The UK Government has expanded the Growth Guarantee Scheme, extending access to government-backed loans for small businesses that struggle to secure conventional finance on acceptable terms. The scheme, administered through the British Business Bank, allows accredited lenders to offer loans of up to £2 million with a 70% government guarantee reducing the risk to lenders, making them significantly more willing to say yes where they'd previously have said no.
For Scottish SMEs, the timing matters. The British Business Bank's Small Business Finance Markets report consistently shows that businesses in Scotland, particularly outside Edinburgh and Glasgow, face steeper access-to-finance barriers than their counterparts in London and the South East. A government-backed scheme that shifts credit risk away from the lender directly addresses that structural imbalance. It doesn't fix the geography problem overnight, but it tilts the table a little less against you.
The Growth Guarantee Scheme is the successor to the Recovery Loan Scheme, itself a successor to the pandemic-era Bounce Back and CBILS programmes. According to the British Business Bank, earlier iterations of the scheme supported over 11,000 facilities worth more than £4.6 billion since 2021. This latest expansion continues that trajectory, with Reeves framing it as a pro-growth measure ahead of what the Treasury expects to be a difficult fiscal period.

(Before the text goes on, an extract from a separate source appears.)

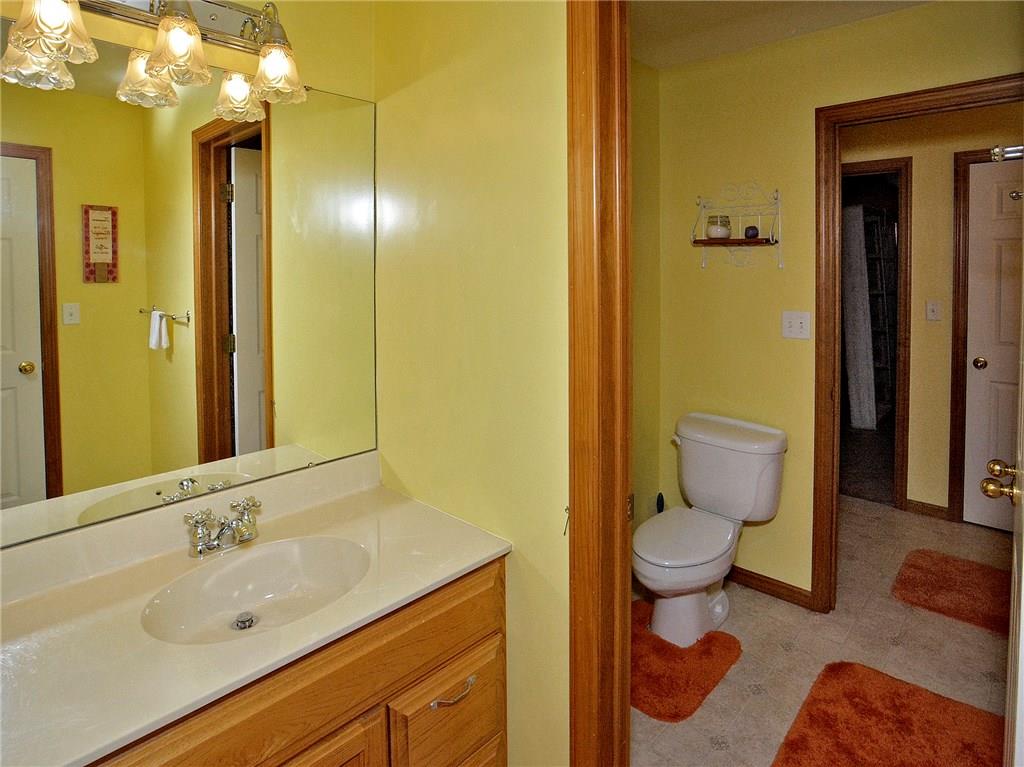 1488 Cavitt Road Monroeville, PA 15146 - Photo 15 of 23 Jack & Jill bath with two vanities separate the second and third bedrooms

Whether that framing holds up politically is a separate question; what matters for business owners is that the money is real and the scheme is live.
Scottish Enterprise and Business Gateway have both previously signalled that government-backed lending schemes complement their own grant and equity programmes rather than compete with them. A Scottish founder who's already accessed a Business Gateway start-up loan or a Scottish EDGE award could potentially layer Growth Guarantee Scheme finance on top to fund the next stage. That stacking approach, combining grant with backed debt, is exactly how smart operators here are building without giving away equity too early.
Accredited lenders include high street banks, challenger banks, and a number of specialist SME lenders. Not every lender offers the scheme, and terms vary considerably between providers, so the British Business Bank's lender finder tool at british-business-bank.co.uk is the sensible first stop. The scheme is open to businesses with a turnover of up to £45 million, which covers the vast majority of SMEs reading this. Apply through a lender directly, not through the British Business Bank itself.